PROJECT: Combined Cycle Power Plant Steam Drain System Improvement Project


This facility was a 147 MW combined cycle generation unit using two gas turbines each with their own Heat Recovery Steam Generators (HRSG's) and one steam turbine/generator unit. At the time of this project, the plant had been recently commissioned within the last two years and was still ironing out some of the left over operational design issues.

The typical loading schedule for the plant was nightly shutdowns with a subsequent restart the following morning. The plant had incorporated many design features for this type of loading schedule. One of these designs was the method by which the high and low pressure main steam piping utilized a drain system to prevent the accumiliation of condensate during the warm up process. This was necessary to prevent the condensate from flashing resulting in potential piping hammering or water induction to the steam turbine.
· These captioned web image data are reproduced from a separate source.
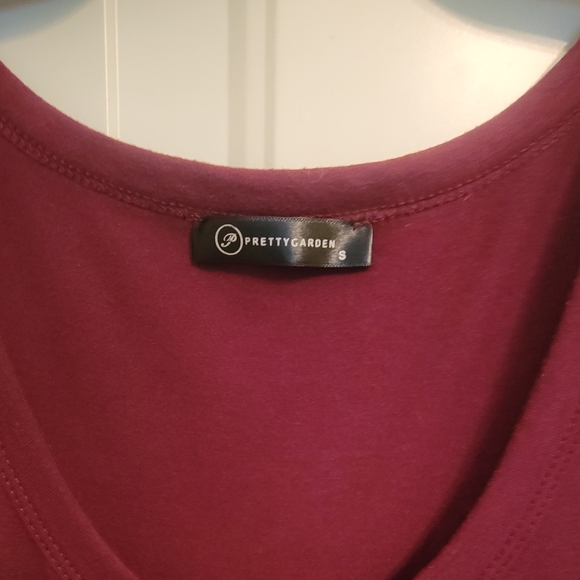 Soft & comfy Burgundy jumpsuit stretchy size Small. Pretty Garden brand - Picture 2 of 5
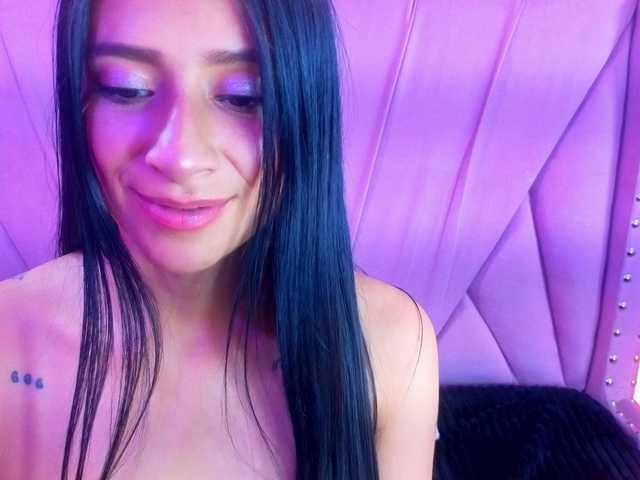 SharlotRodriguez live cam on BongaCams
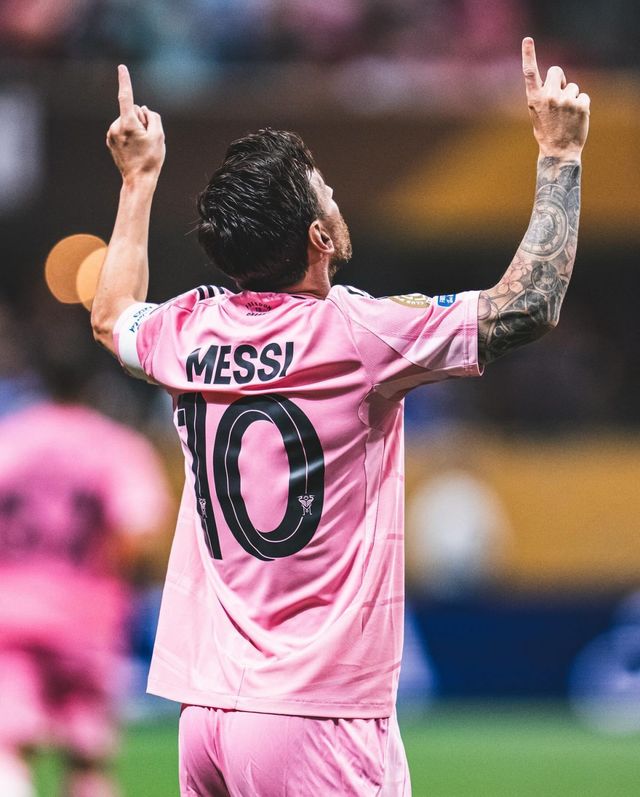 이탈리아 축구 전문 기자 니콜로 스키라에 따르면, 메시와 인터 마이애미는 2026년 12월까지 계약 연장을 두고 막바지 조율 중이다. 사진출처｜인터 마이애미 페이스북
The plant had a history of compliants registered from the nearby residential neighborhoods resulting from the noise created by the warm up steam releases even though the design of the warm up steam drain system used a flashtank with a very large silencer.

The engineering service was able to conduct a thorough evaluation of the system, used extensive compressible multi-phase steam flow modelling, and redesign the piping, valves, exhaust system sizes, and control logic to completely eliminate all steam drain system noise.

RESULTS


• Completed a thorough evaluation of the equipment, piping, control logic, and operational process, of the steam drain system. Detemined the causes of noise and provided formal recommendations for correcting.

• Completed a computer modeled simulation of the steam drain multi-phase steam flow conditions. Used this computer model to determine the new design modifications to eliminate flow conditions above sonic velocities.

PROJECT: Simultaneous Restoration of Two Biomass Power Plants


Two mid 1980's vintage biomass power plants each rated at approximately 12.5 MW's had been shutdown and abandoned in mid year 2010 due to the loss of permanent financing. With the financial challenges prior to these plants being abandoned, the equipment had suffered from over use, lack of maintenance, and make shift repairs with limited site resources. The Allen-Bradley PLC based control systems were one of the casualties of the lack of maintenance and technical expertise to the point where the contract O&M service were unaware of the full extent of the problems.

The initial responsibilities started late in the "refurbishment" process (i.e., four weeks before the scheduled startup date) and included simply fixing some perceived "bugs" in the PLC system, PLC process & control tuning, and startup engineering support. The responsibilities grew to include a full upgrade of the Allen-Bradley system from their mid 1990's version to current hardware and software, rebuilding of many major process control loops, process & control tuning, and full unit engineering startup support which included engineering changes to various process methods.

The combustors for these sites are Energy Products of Idaho (EPI) bubbling fluidized bed combustors providing heat energy to a Zurn 122 kpph at 684 psig & 765F superheated steam boiler. Both sites burned agricultural waste which primarily amounted to chopped up almond orchards during the course of this startup.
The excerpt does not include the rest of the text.